Sandy’s state Sen. Kirk Cullimore, while sponsoring eviction law and blocking renter protection bills at the Legislature, is a partner at the firm responsible for the most eviction lawsuits in Utah. And while this is an egregious conflict of interest, it is almost negligible compared to Cullimore’s effort to make Utah’s judiciary a puppet of the Legislature. Cullimore’s father, Kirk A. Cullimore, has played an outsized role in crafting eviction law at the Legislature that has kept The Law Offices of Kirk A. Cullimore expanding for decades — averaging more than one eviction notice per hour for every hour the courthouse is open.
With such a sweet deal making easy bank, why would Cullimore call attention to himself with a court-packing bill. Greed? Grievance? Opportunity? By all accounts Utah’s vetting process for nominating impartial judges is a national model and was commended by former U.S. Supreme Court Justice Sandra Day O’Connor.

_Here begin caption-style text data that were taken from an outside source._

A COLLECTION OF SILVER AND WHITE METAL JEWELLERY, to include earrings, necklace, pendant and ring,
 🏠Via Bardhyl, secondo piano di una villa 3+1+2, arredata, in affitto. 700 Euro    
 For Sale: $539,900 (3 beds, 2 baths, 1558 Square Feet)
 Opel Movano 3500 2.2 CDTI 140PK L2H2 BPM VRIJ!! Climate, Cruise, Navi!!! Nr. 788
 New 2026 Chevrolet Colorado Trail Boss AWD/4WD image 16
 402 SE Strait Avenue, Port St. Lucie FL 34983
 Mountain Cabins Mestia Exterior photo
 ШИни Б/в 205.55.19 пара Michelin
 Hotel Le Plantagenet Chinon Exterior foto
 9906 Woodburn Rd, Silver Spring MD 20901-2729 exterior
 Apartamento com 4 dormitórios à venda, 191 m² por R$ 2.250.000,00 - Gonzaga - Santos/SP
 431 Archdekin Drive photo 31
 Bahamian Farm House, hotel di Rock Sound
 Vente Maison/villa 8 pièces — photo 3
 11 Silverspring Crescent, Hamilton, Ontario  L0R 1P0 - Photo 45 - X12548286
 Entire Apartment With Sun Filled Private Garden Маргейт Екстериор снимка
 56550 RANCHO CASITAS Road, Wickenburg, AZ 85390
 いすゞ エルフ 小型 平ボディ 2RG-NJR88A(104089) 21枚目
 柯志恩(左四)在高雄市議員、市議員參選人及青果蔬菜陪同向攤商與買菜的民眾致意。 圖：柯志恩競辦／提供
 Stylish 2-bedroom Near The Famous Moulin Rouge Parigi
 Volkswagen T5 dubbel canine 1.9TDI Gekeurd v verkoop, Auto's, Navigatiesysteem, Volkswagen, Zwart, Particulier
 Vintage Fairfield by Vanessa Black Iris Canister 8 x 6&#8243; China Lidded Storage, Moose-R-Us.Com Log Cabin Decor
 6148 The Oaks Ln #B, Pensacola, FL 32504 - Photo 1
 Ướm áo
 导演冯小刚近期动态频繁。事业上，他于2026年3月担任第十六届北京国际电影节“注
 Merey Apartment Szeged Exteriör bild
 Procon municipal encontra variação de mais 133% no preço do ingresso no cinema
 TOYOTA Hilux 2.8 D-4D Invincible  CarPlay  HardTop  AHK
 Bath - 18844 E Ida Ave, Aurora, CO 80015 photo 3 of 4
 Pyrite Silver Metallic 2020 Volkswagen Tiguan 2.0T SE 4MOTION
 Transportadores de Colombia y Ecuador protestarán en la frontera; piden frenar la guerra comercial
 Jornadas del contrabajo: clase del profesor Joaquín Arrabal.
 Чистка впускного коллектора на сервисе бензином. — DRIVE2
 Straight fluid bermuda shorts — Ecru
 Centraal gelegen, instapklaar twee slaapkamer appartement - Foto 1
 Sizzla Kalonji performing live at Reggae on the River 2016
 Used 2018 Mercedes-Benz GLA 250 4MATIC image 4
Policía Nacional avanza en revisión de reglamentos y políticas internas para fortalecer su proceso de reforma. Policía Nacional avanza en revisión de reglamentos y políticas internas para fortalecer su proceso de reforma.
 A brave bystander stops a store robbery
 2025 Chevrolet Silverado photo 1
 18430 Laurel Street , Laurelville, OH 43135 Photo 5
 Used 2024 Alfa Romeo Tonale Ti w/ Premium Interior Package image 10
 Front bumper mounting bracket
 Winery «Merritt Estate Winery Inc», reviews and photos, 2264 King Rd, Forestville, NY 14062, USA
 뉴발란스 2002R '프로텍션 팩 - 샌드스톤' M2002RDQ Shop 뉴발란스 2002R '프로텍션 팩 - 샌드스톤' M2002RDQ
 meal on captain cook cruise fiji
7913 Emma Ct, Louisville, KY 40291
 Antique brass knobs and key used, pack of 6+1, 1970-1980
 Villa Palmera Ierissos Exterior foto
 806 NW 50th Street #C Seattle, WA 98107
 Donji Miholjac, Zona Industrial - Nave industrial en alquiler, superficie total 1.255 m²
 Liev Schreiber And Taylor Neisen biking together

So then, why now? This isn’t the first time Cullimore has tried eliminating the seven-member nominating panel and the rules that ensure accountability and commitment by the potential judges. But it is the first time since Rep. Brady Brammer, whose House district overlaps with Cullimore’s Senate district, pushed through a resolution that undermines the independence of judges and heaps power into the state Legislature’s trough. Brammer’s bill doesn’t just change procedure, it gives the Legislature the power to undo a judge’s injunction.
Essentially, these two lawyers are legitimizing judge shopping — which is one of the more flagrant ways to turn courts into partisan cesspools. Determining who gets to be a judge without impartial vetting mechanisms is the playbook for one-party rule.
Cullimore and Brammer both have personal gripes with certain judges. And if they can just get rid of the independent nominating commission and use the two-thirds majority Legislature to override any decision the governor makes, their judge shopping scheme is complete. In other words, the judicial branch is about to get rolled, just like everything else in Utah — public schools, sovereignty of local governments, private businesses, county officials, Utah’s Executive Branch to name a few.
Brammer reasons that if voters in his and Cullimore’s districts weren’t happy with these kinds of policies, citizens would vote them out. Is he right? Should legislators like Cullimore personally profit from the laws they make? Should judges be picked by the same politicians whose power they are responsible for checking? Are you happy with this stuff, or did you just not know about it?
Kathy Adams was the dance writer at the Salt Lake Tribune (2002-2019) and has written about dance for Salt Lake Magazine, Dance Magazine, Dance Teacher Magazine and more.